## What needs to be done
Please reproduce each line of the data below as it stands.

## Recorded information

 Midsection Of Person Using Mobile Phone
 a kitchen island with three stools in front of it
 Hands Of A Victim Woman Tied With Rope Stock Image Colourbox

## Output for this task
 Midsection Of Person Using Mobile Phone
 a kitchen island with three stools in front of it
 Hands Of A Victim Woman Tied With Rope Stock Image Colourbox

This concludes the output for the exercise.